Two portraits which were both painted within the year 1545 show Titian at the parting of the ways. The Aretino, in the Pitti Palace, the even finer sketch being in the Frick Collection, New York, Figure [276], reveals the truculent and sensual man of letters in all his formidable massiveness. The satin and velvets in which he is clad are painted lightly but with fullest regard for their textures and material beauty. Titian liked Aretino and had profited by his bitter and venal pen.

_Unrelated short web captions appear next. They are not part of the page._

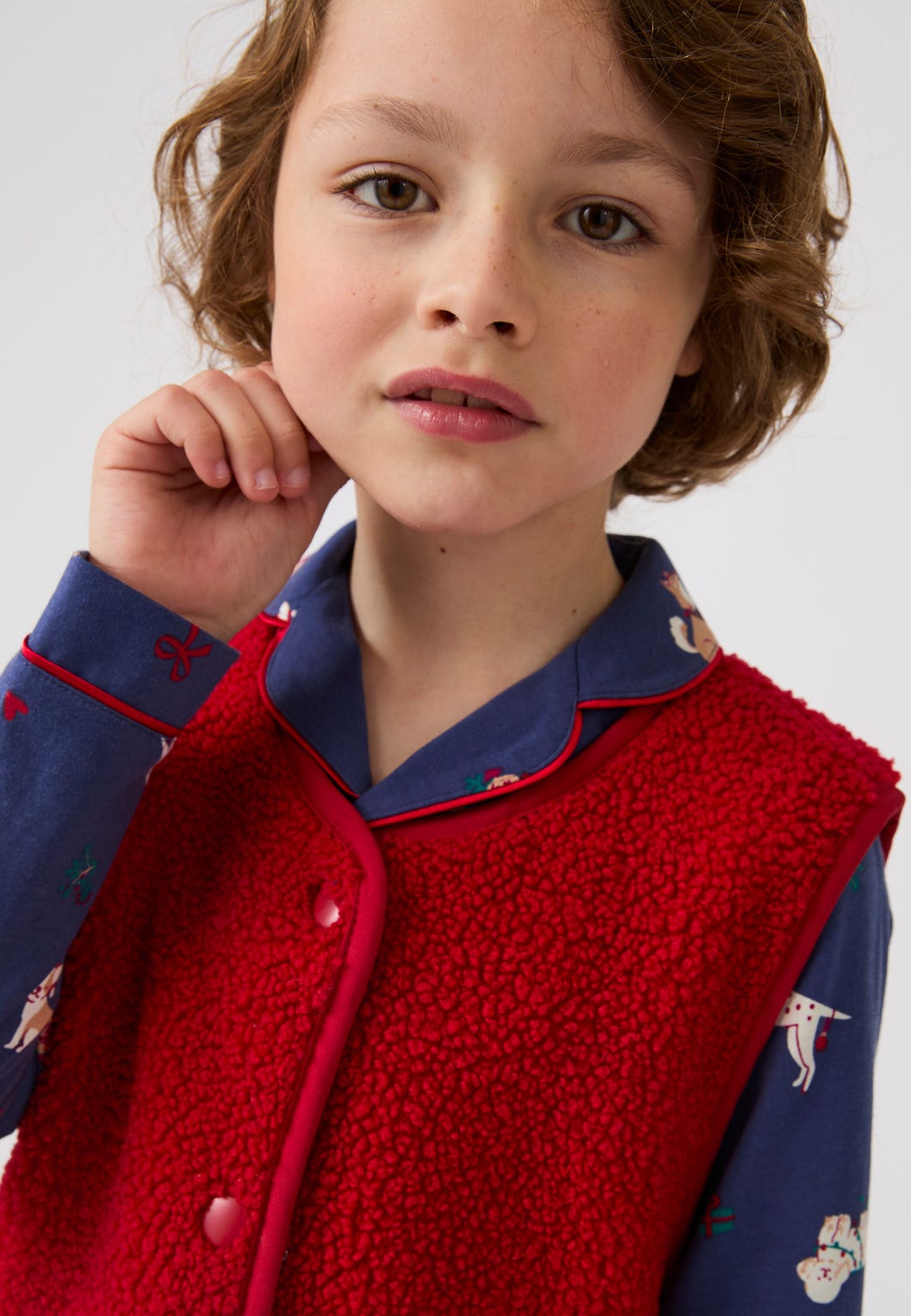 Children's Thermolactyl Fleece Gilet 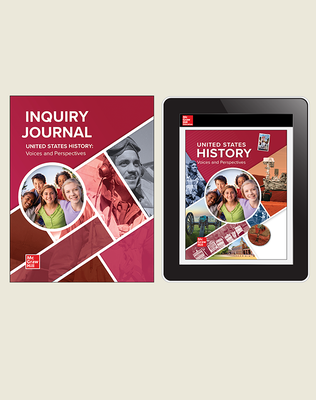 United States History: Voices and Perspectives, Student Inquiry Bundle, 6-year subscription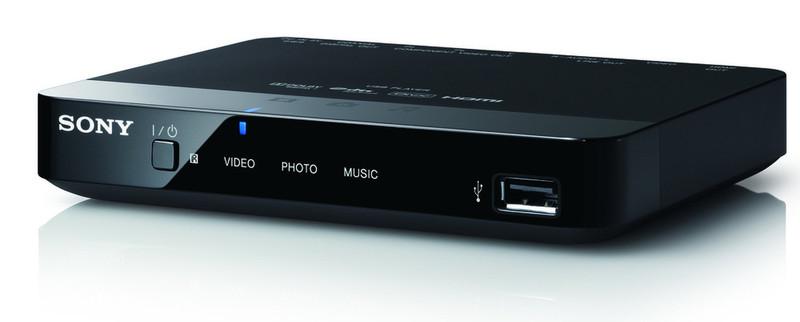 Sony SMP-U10 digital media player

So without emphasizing Aretino’s effrontery and brutality Titian brings out his resolute intelligence.

In the portraits of Paul III, Figure [277], especially in that scene where the decrepit Pope muses craftily between two smooth flatterers and traitors, his own kinsmen, the sinister air seems filled with contesting wills. A veil of atmosphere interposes itself before the figures. The touch is light, contrasts are evaded, materials count for very little, there is no copying of rich surfaces. Even the color is reduced to tones of gray merely warmed with reds or cooled with blues.

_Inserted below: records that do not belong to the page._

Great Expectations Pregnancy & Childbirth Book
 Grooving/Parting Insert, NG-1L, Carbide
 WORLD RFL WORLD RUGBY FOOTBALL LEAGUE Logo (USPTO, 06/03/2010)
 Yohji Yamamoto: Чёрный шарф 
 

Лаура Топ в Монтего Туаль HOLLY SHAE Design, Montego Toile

Fig. 276. Titian. Pietro Aretino.—Frick Coll., N. Y.

Fig. 277. Titian. Paul III and his Nephews.—Naples.

In its tremulous psychology, in its reticence, in its substitute of richly broken monochrome for a gamut of real color, this picture is a kind of negation of everything Titian had attained. His remaining thirty years were given to ideals which are no longer bounded by the Venetian lagoon, but are as broad perhaps and indeterminate as the modern imagination itself. Before exploring this mystery of Titian’s renovation of his art at seventy, and since his Venetian style has closed, we may do well to consider some of his contemporaries at Venice and in Lombardy.

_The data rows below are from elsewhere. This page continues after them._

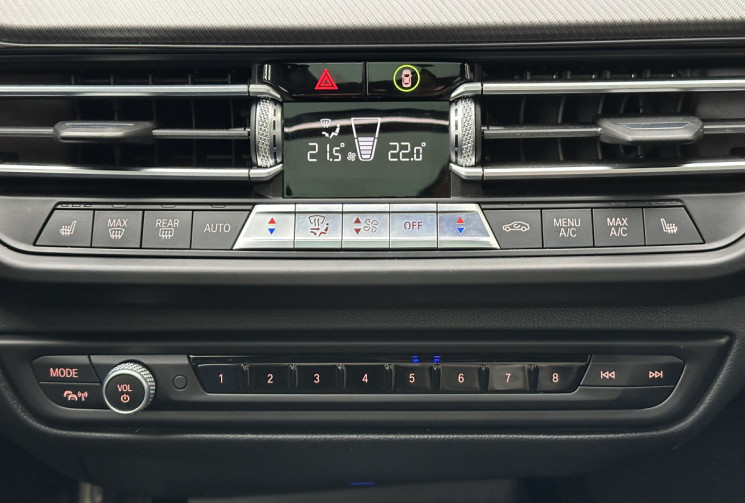 BMW Série 1 118i 140 M SPORT DKG7 * TOIT OUVRANT * HARMAN KARDON * AFFICHAGE TETE HAUTE * GARANTIE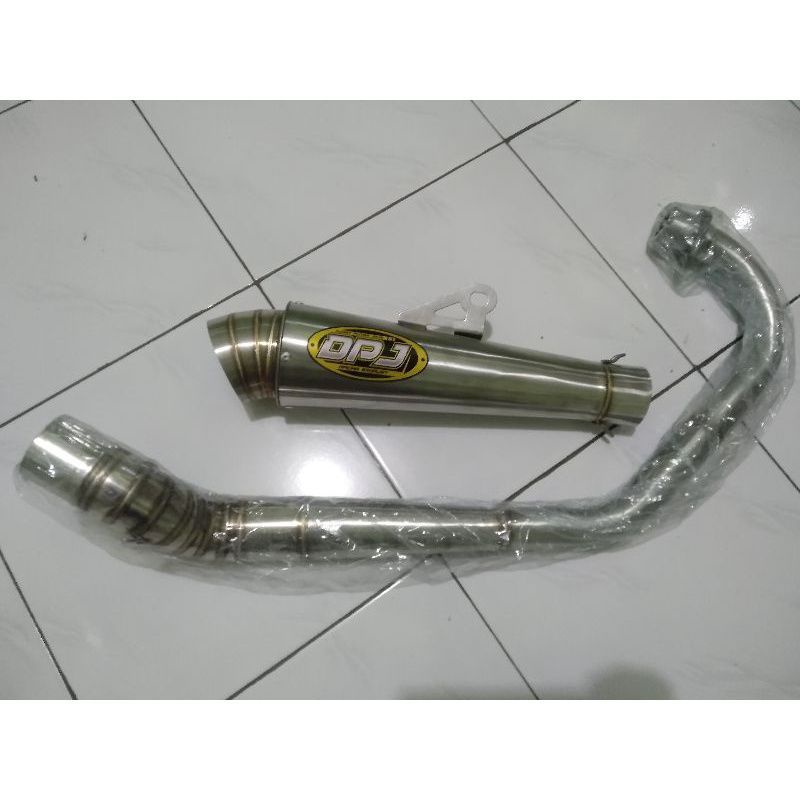 knalpot DPJ Keong leher paten Tiger MP gl cb herex ngkeerrr ngkeerrr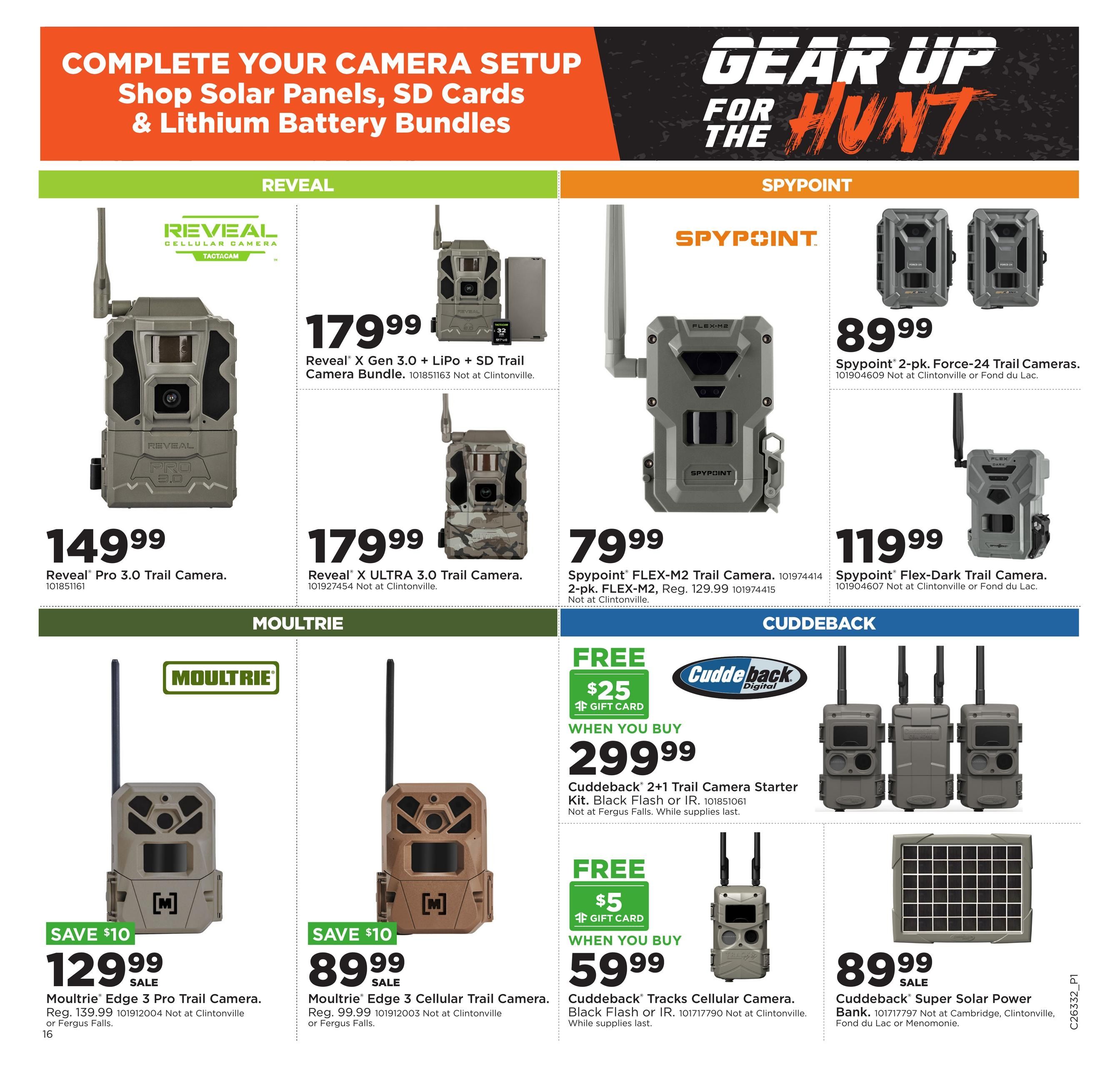 Fleet Farm (Chanhassen Area, MN) Weekly Ad August 10 - 23, 2026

Sebastiano del Piombo[[80]] was born at Venice in 1487, and like most of his generation emulated the smouldering harmonies of Giorgione. He paints such admirable portraits as the so-called Fornarina, at Florence, which long passed for a Raphael. He soon passes from the lyrism of Giorgione to a dramatic mode quite his own. He was called to Rome, made keeper of the Papal Seal, became an executant of Michelangelo’s designs, and thus indulged a losing rivalry with Raphael. He commands a heavy dignity in his male portraits, and in his various pictures of the Dead Christ and Mary, attains a robust and telling pathos. Down to his death, in 1547, he maintained a tradition of Giorgionesque color in the alien air of Rome, and represented something of the gravity of the Venetian Renaissance in a city rapidly giving itself to sensationalism.

Fig. 278. Palma Vecchio. Adoration of the Shepherds.—Louvre.